One of the things I enjoy most about writing this newsletter is introducing folks to newer and less known wineries, usually Israeli one. While the proliferation of new boutique kosher wineries is an awesome relatively recent development that enables us to experience a huge spread of wines, wine-making techniques, expressions of terrior and types of wines from around the world; a less fortunate by-product is that we tend to start regarding the larger, more “commercial” wineries (such as Barkan and Carmel) as passé and less interesting or exciting to experience. As I have mentioned in the past when discussing these wineries, this is a crying shame since, just because you have become a behemoth doesn’t mean you can no longer produce quality or even special wines. We are experiencing a true golden age of kosher wines with more and more producers realizing that they need to keep pushing the envelope, both with respect to quality and individuality, in order to win our hard earned Lirot.

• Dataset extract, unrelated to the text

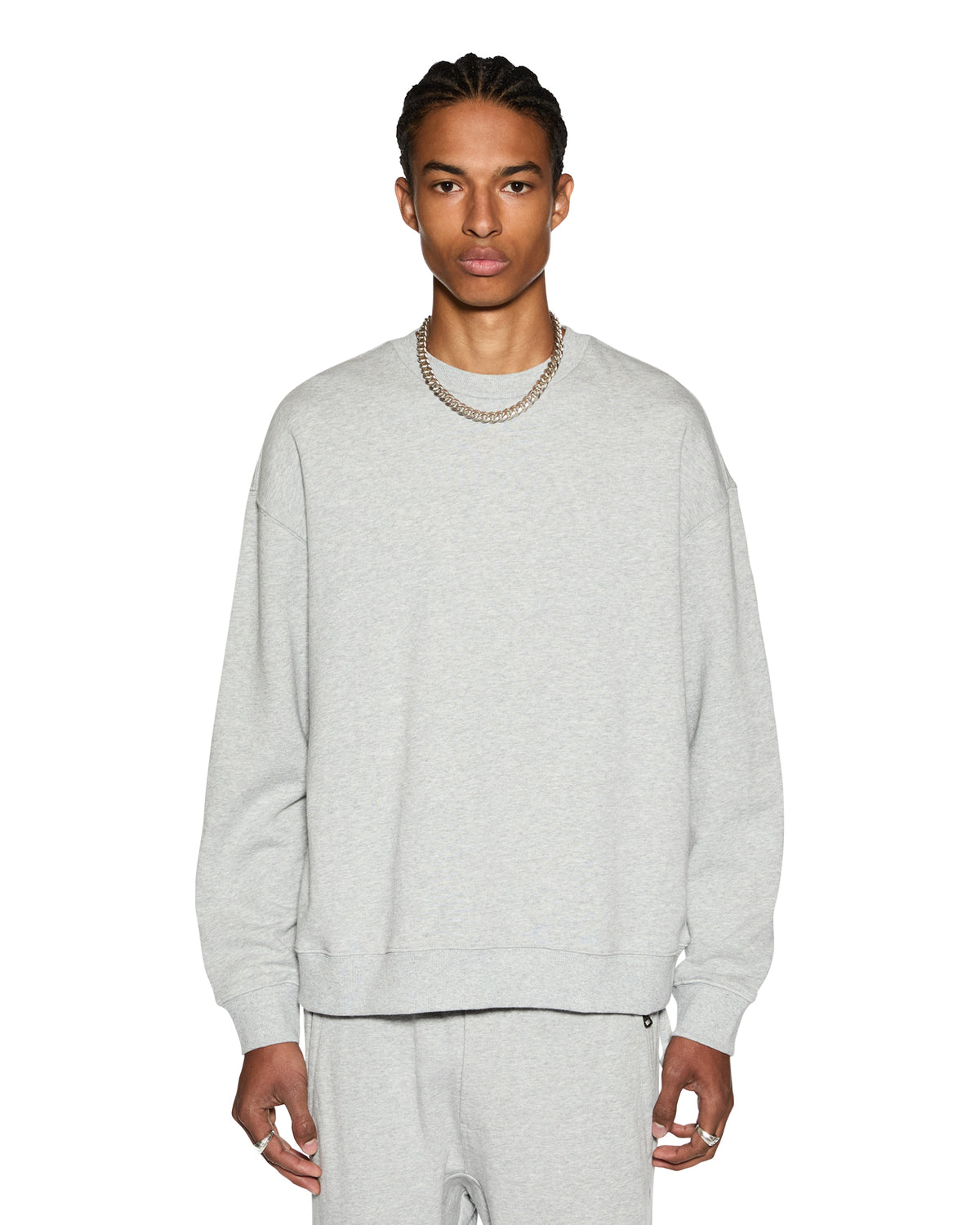 Mens 4 X 4 Biggie Crew Grey Marle Oversized Fleece - Grey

With that in mind, this week I wanted to talk about the 800-pound gorilla in the room – the Golan Heights Winery (“GHW”) which is the third-largest commercial winery in Israel producing over 30 different wines on a more-or-less annual basis. Regardless of my adoration for the soul of the Yatir and Ella Valley wineries and the superlative-laden portfolio of wines Carmel is putting forth on a regular basis, GHW remains, in my opinion, the gold standard for Israeli wineries. Historically the winery started the revolution in the kosher wine world resulting in the fact that Manischewitz is no longer the first thing that comes to (wine knowledgeable) folks when they hear the words kosher wine (although from the idiotic way almost every kosher wine-related article I read begins you wouldn’t know that). Their Cabernet Sauvignon from the Yarden series dating all the way back to the early 90s are still drinking very well today, and that wine remains the most consistently good and reasonably priced Israeli wine on the market today if you are looking for a wine with any serious cellaring capability. Buying an annual case of the Yarden Cabernet Sauvignon and drinking a bottle a year provides one with the true oenophilic pleasure of watching something develop and mature (kind of like kids without the diapers, sleepless nights and exorbitant tuition).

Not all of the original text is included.